Look through the entries below for the line with "Umbrella Academy - Posters" and the line with "Tatoeba Last Dungeon", then give again exactly those two lines and all lines between them, minus the pictures.

===== Information given =====

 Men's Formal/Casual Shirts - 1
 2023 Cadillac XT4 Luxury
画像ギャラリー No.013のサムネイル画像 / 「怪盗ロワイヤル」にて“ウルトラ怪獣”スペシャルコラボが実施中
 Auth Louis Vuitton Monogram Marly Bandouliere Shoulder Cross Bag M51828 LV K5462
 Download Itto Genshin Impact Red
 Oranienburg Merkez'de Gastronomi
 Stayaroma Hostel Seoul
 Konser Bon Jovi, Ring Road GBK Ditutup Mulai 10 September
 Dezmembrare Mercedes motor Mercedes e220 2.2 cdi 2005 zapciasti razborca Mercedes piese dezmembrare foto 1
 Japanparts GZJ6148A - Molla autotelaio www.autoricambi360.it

=====
===== Information given =====

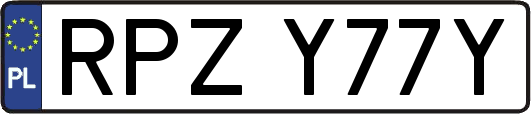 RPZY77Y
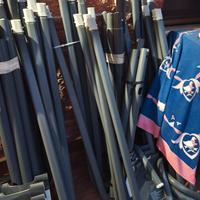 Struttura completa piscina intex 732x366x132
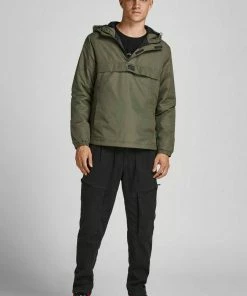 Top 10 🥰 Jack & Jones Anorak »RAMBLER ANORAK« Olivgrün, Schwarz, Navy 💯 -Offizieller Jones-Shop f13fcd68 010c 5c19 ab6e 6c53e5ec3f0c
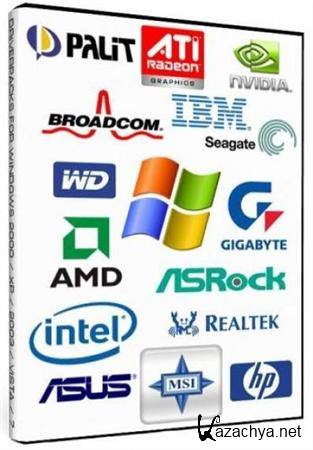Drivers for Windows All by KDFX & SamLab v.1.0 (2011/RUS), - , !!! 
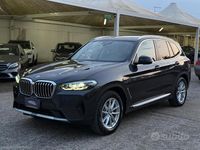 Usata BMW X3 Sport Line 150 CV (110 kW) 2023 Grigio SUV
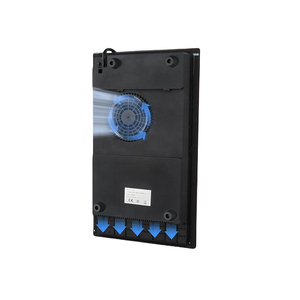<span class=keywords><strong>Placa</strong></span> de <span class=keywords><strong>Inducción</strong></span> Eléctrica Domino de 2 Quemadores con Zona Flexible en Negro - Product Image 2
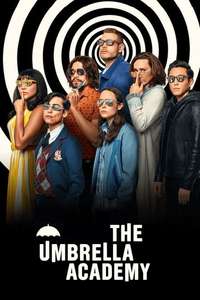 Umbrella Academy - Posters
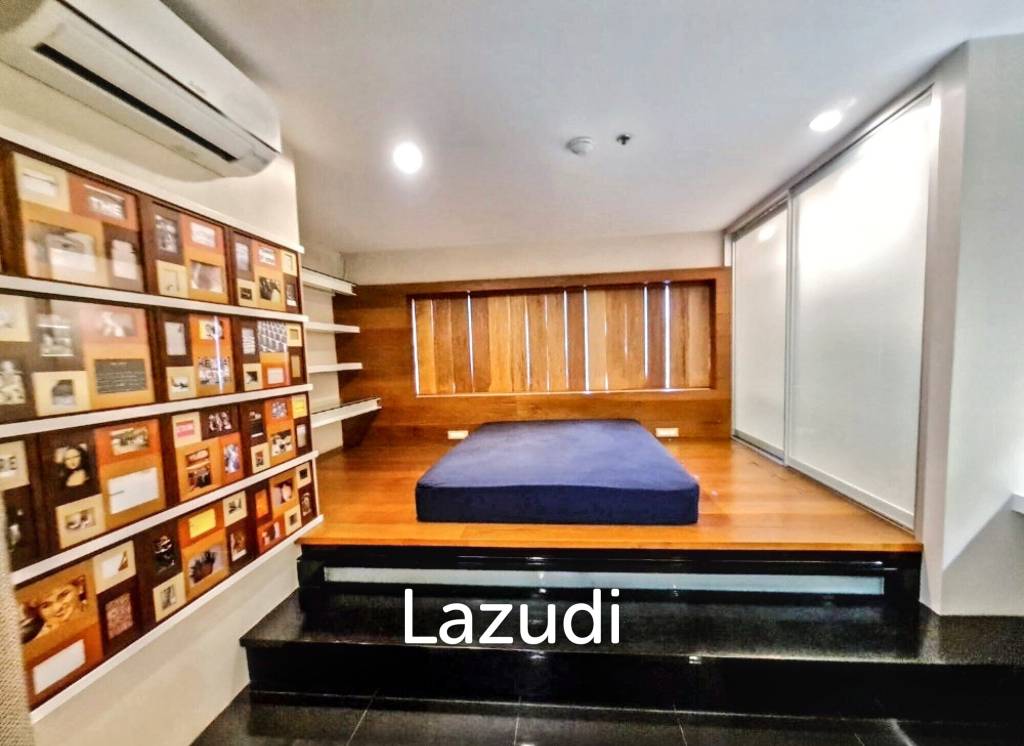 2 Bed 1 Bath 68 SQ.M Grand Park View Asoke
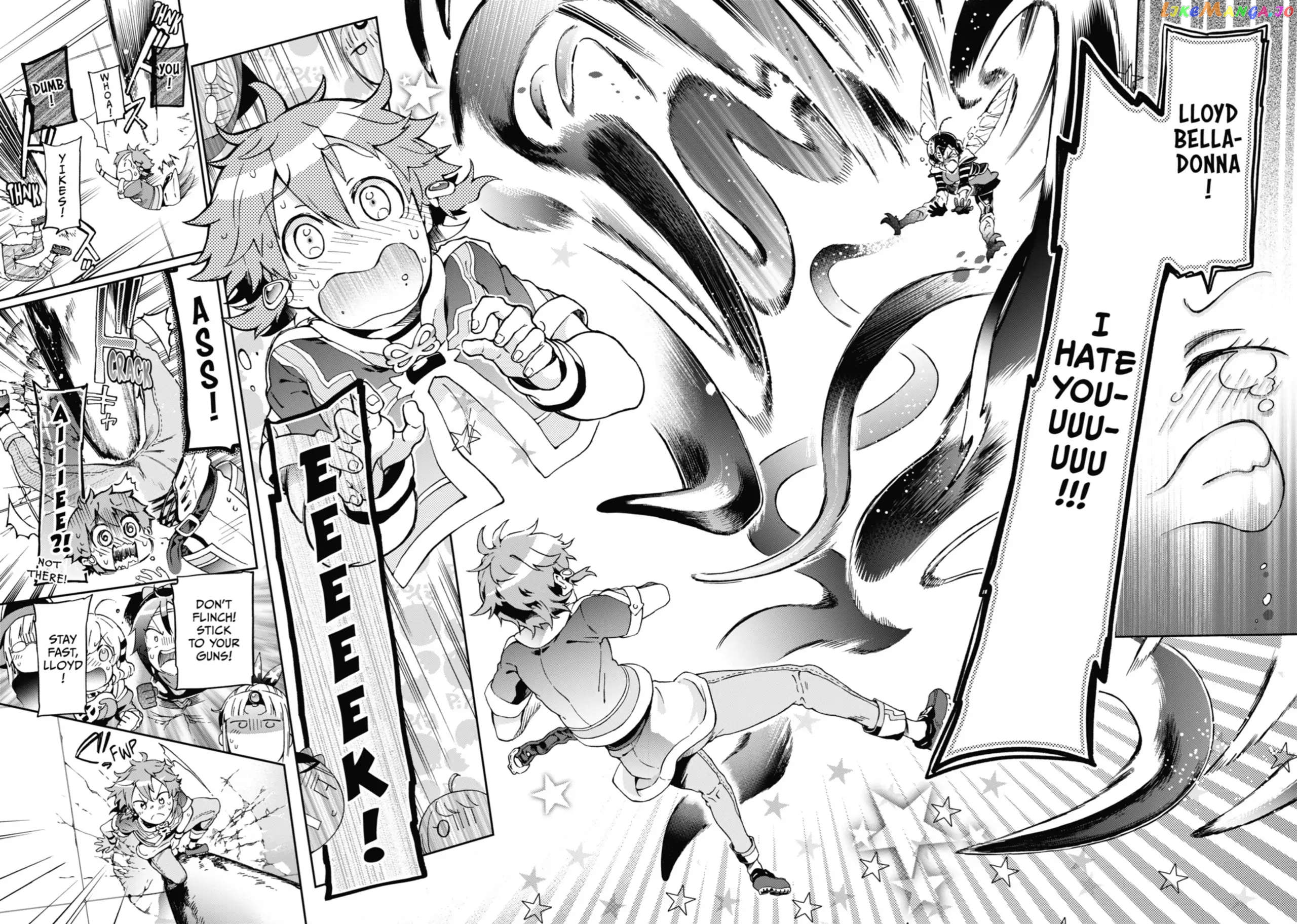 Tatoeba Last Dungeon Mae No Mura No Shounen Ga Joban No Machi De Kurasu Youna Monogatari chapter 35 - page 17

=====
===== Information given =====

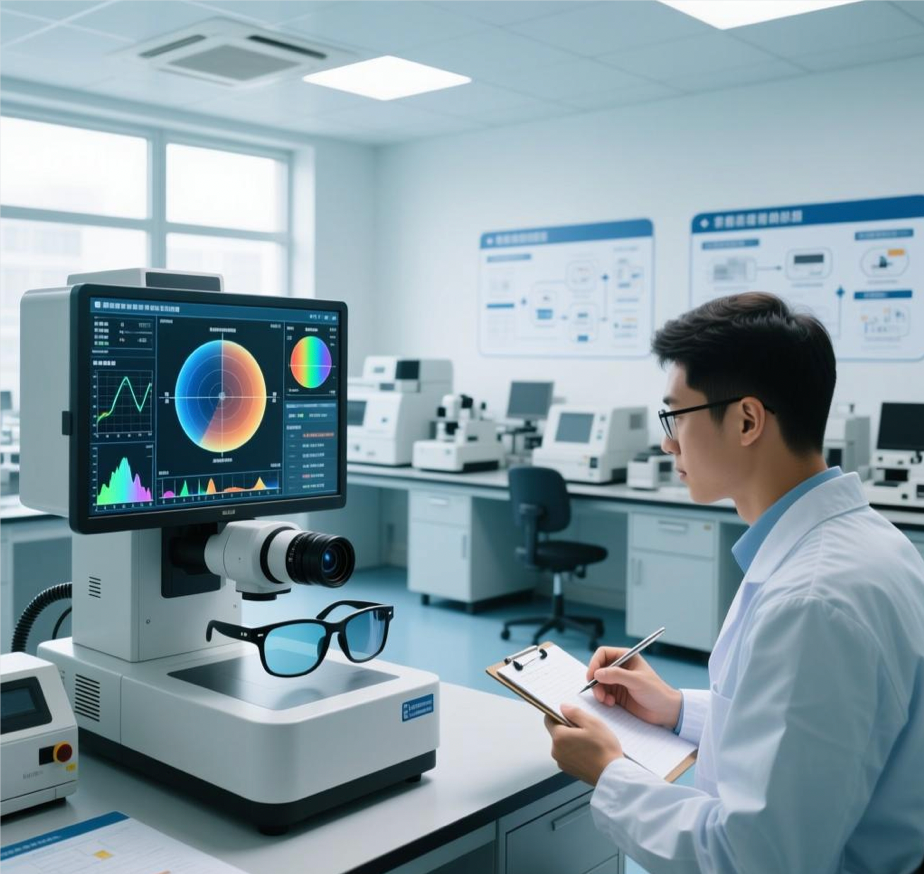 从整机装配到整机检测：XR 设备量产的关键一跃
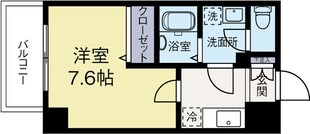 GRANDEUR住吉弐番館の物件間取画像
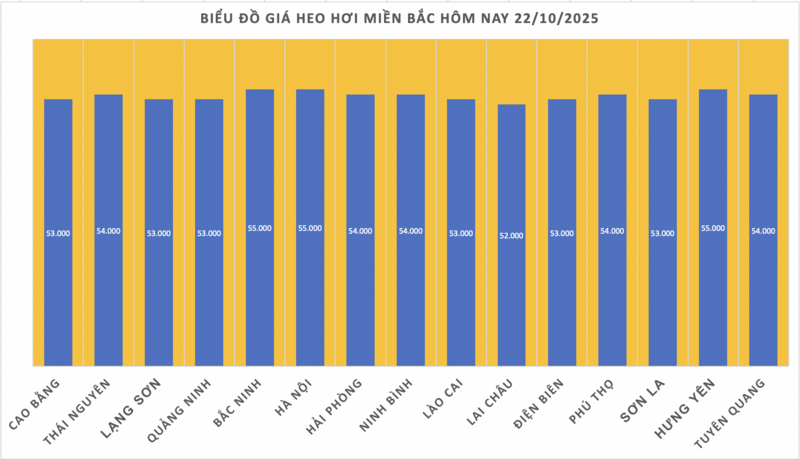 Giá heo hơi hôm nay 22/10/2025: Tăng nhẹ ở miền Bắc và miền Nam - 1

=====

Answer to this exercise:
 Umbrella Academy - Posters
 2 Bed 1 Bath 68 SQ.M Grand Park View Asoke
 Tatoeba Last Dungeon Mae No Mura No Shounen Ga Joban No Machi De Kurasu Youna Monogatari chapter 35 - page 17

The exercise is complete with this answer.